Other examples of this engaging external help are company sites where customers can share info and help solve each other's problems and things like Dell's IdeaStorm where the public is asked to suggest new products, programs, and such.

Organizations "will be able to tap into global pools of talent, not just through full-time employees, but through contractors, consultants, and freelance experts who bid on specific projects." 

This will not be anything new for people who've been in outsourcing relationships, but it will mean perhaps being involved with more partners and much smaller partners (as small as one guy in his home office in Monterrey or San Jose). It will mean more time spent doing all the things involved in an outsourcing relationship.

Businesses that rely on knowledge workers are also going to be expected to provide them with a certain level of technology to which they've become accustomed, the report says. These workers, especially the ones who've grown up with high-speed and mobile access, are going to demand good tools to do their jobs, develop and maintain professional connections, find information, and tap into expertise to get their work done.

Keep that in mind when planning your IT budgets. No lousy gear. (Or this could happen.)

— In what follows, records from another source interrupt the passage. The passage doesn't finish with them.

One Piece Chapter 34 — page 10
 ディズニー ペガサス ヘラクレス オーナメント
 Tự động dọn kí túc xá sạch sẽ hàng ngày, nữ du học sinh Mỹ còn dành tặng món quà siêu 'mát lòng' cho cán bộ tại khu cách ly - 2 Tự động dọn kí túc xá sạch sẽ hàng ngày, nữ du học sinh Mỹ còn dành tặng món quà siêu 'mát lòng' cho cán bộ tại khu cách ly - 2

Another factor Taleo mentions is more nebulous but potentially could have more effect on day-to-day staff management, and that is a sense of "personal empowerment." Telios says there's been a "dramatic increase" due to tech advances. "In vast swaths of our personal lives, intermediaries have been eliminated or relegated to the sidelines, enabling individuals to take more direct control over their affairs, whether through online banking, online investing, travel planning, or consumer purchases."

While that's true, the question is how much this plays on the job. There's no doubt that your sharpest workers – your best software developers, for example – want "more direct control" of a project. But I'm not sure that's a result of hardware and software improvements. It's because of the type of people they are. Creative coders want control, but they also want problems to solve and want to do things their way and they want some autonomy. They often have their quirks. These individual characteristics and resulting expectations will remain the biggest curveball that talent managers will face.

Outsourcing providers and customers are always dealing with curveballs, but the ones thrown by talent are so crucial because, as the Taleo researchers put it, "People are the greatest creator of value."